_Brief_. Go through the listing below and retype exactly the lines starting at the one with "Nowa opcja terapeutyczna" and ending at the one with "OUHOE WART REMOVER", skipping pictures.

_The input_.
--------------------------------------------------

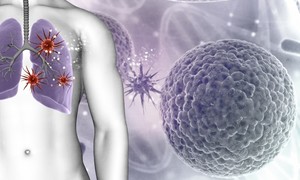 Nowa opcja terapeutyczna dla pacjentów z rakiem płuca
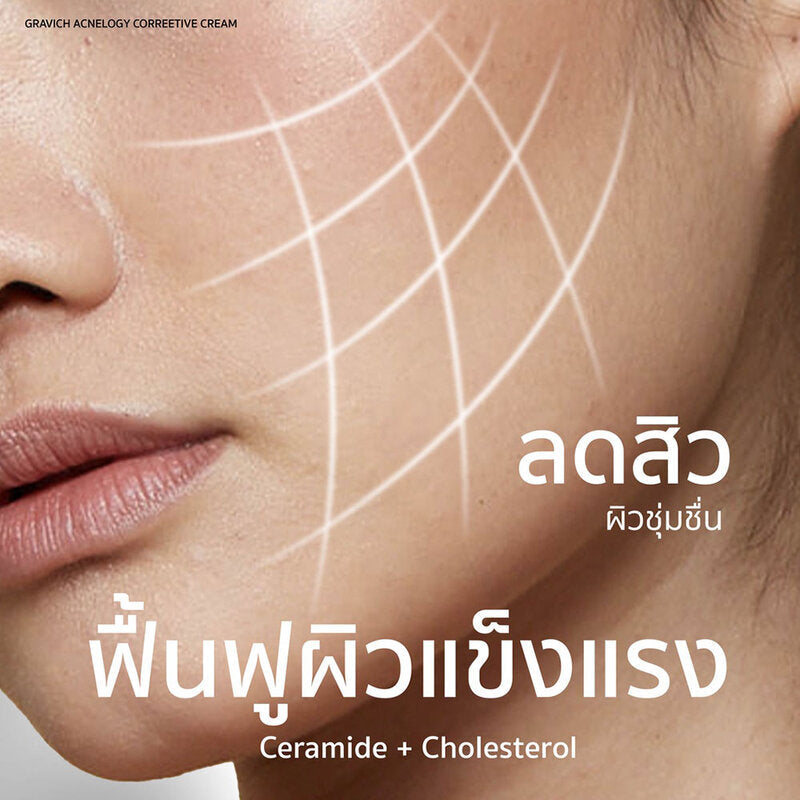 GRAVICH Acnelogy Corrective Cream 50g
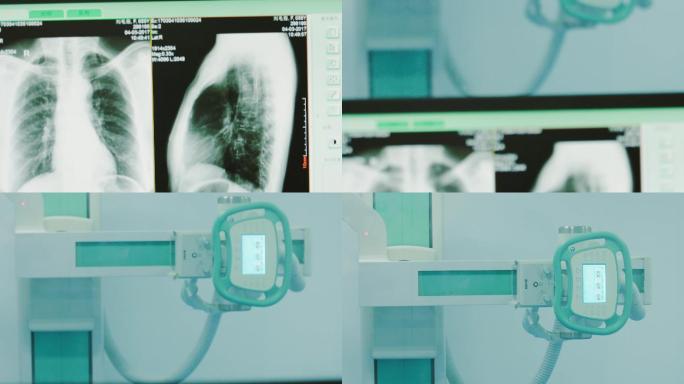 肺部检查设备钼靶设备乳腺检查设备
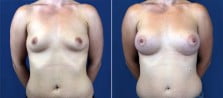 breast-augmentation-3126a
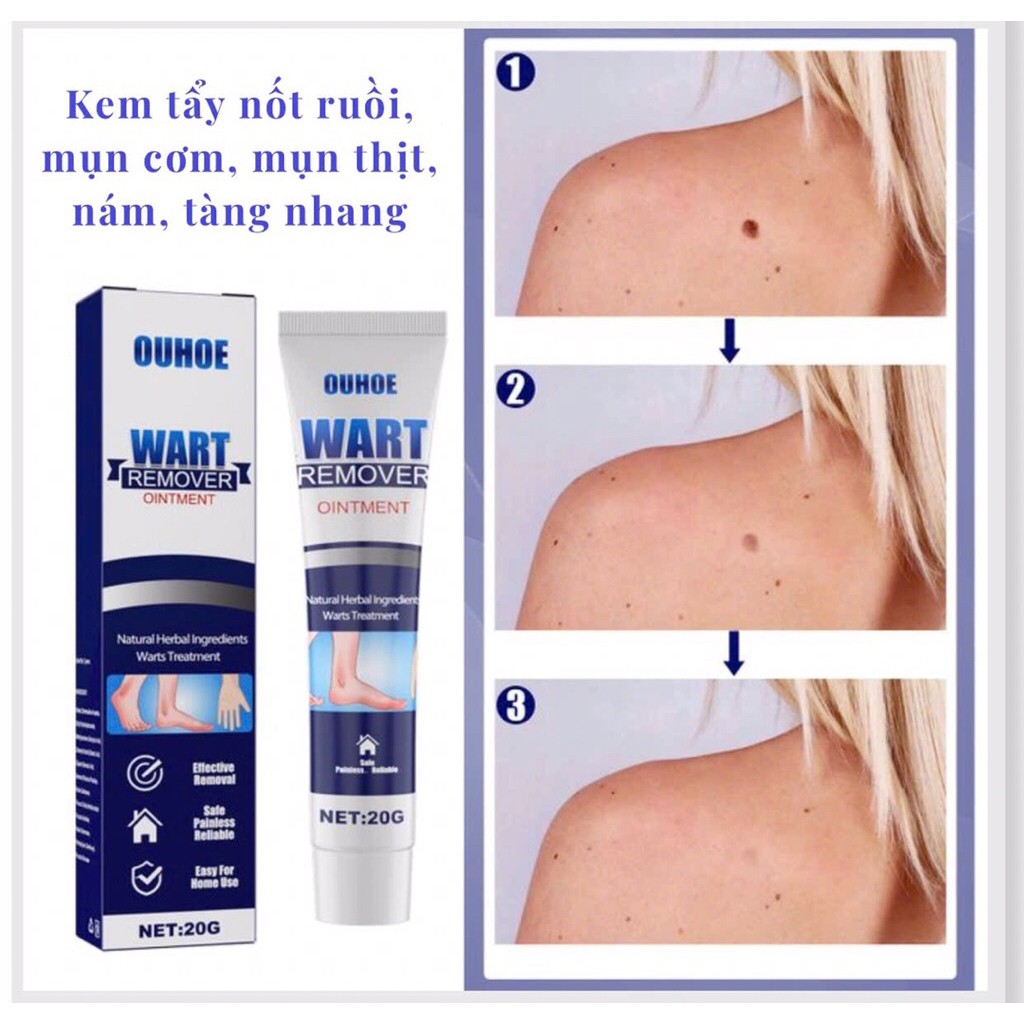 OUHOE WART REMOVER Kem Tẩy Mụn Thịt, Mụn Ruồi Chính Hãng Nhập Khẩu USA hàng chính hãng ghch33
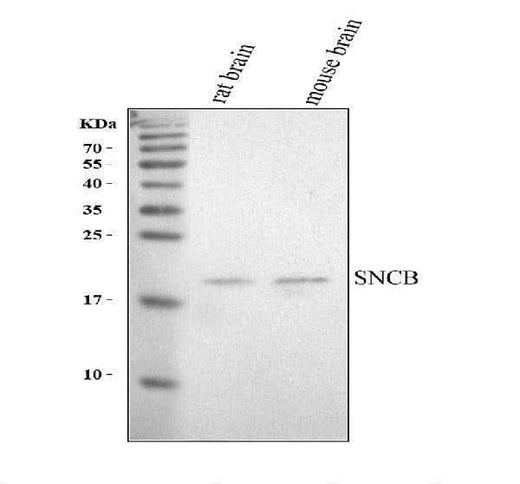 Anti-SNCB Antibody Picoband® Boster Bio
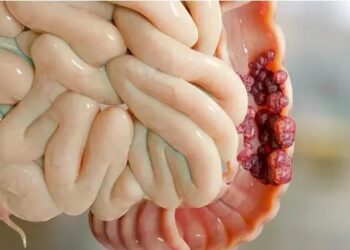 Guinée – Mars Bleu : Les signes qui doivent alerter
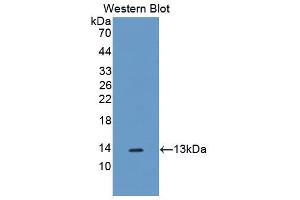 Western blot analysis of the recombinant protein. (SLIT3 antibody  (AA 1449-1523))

--------------------------------------------------

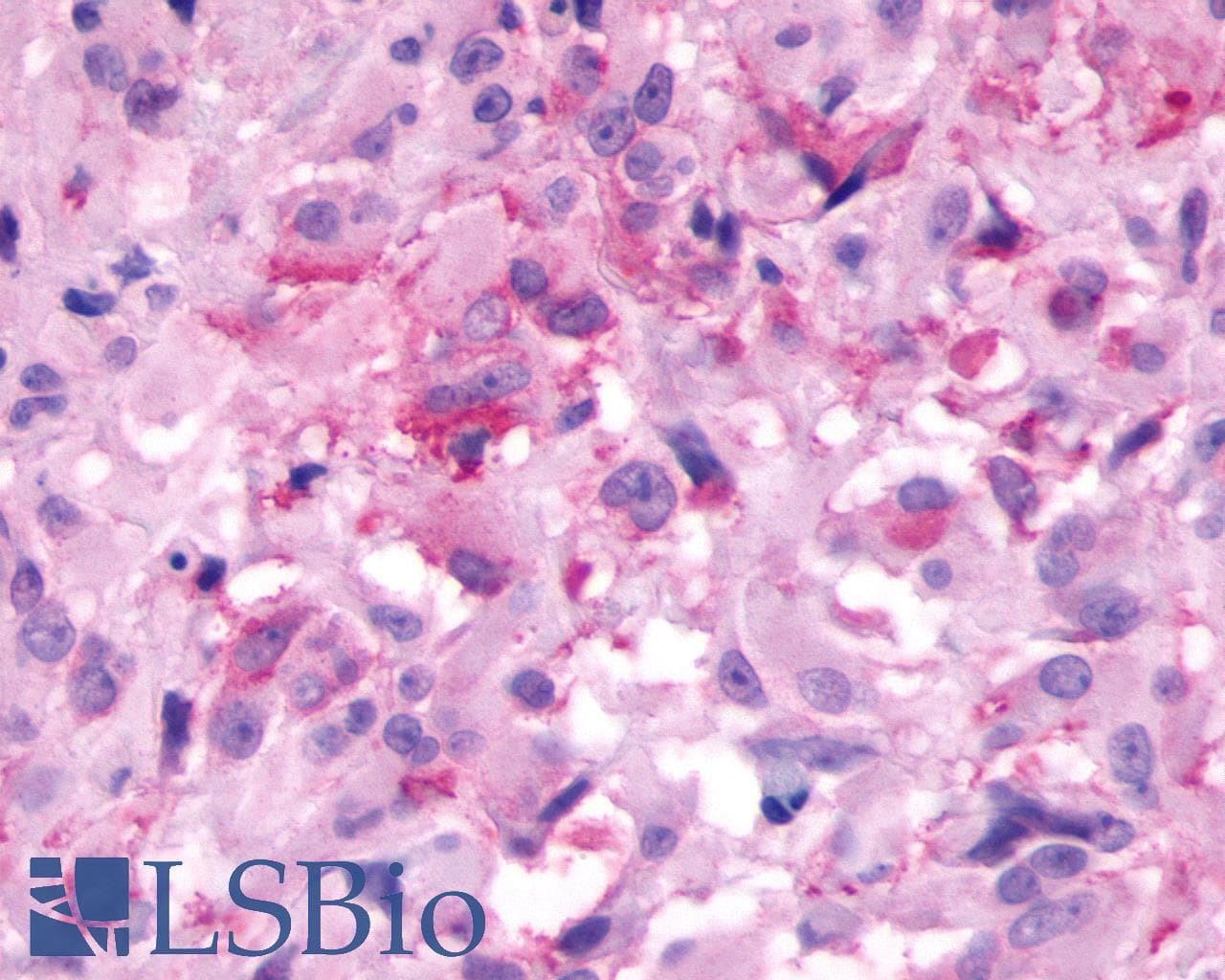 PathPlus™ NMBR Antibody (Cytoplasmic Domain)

--------------------------------------------------

_Response to this exercise_.
 Nowa opcja terapeutyczna dla pacjentów z rakiem płuca
 GRAVICH Acnelogy Corrective Cream 50g
 肺部检查设备钼靶设备乳腺检查设备
 breast-augmentation-3126a
 OUHOE WART REMOVER Kem Tẩy Mụn Thịt, Mụn Ruồi Chính Hãng Nhập Khẩu USA hàng chính hãng ghch33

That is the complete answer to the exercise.